**INFORMATION SUPPLIED**

——————

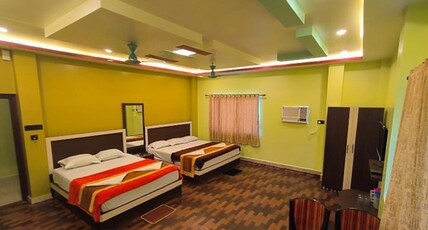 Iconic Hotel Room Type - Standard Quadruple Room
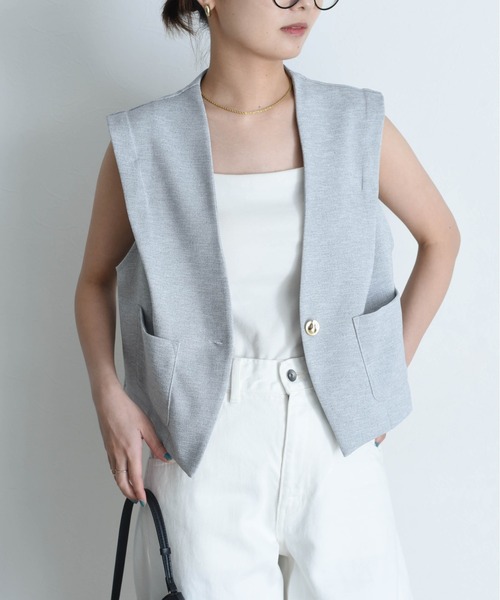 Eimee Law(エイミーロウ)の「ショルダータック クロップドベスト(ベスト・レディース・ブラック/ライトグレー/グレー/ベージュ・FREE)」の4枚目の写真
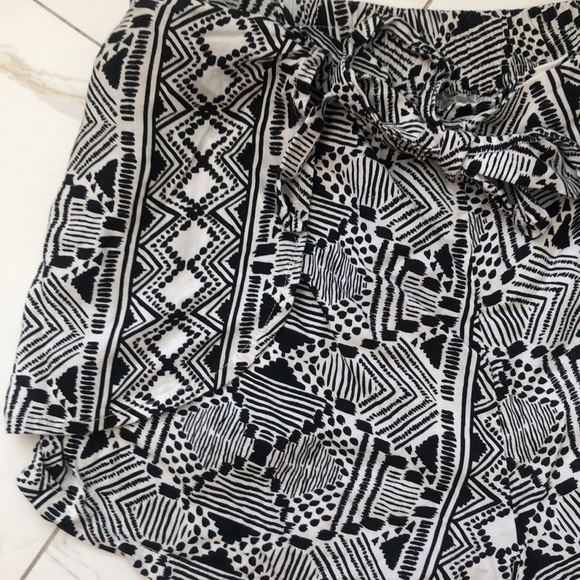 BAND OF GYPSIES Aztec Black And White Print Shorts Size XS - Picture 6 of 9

——————

**BRIEF**
Without the pictures, repeat the listing word for word.

**EXPECTED OUTPUT**
 Iconic Hotel Room Type - Standard Quadruple Room
 Eimee Law(エイミーロウ)の「ショルダータック クロップドベスト(ベスト・レディース・ブラック/ライトグレー/グレー/ベージュ・FREE)」の4枚目の写真
 BAND OF GYPSIES Aztec Black And White Print Shorts Size XS - Picture 6 of 9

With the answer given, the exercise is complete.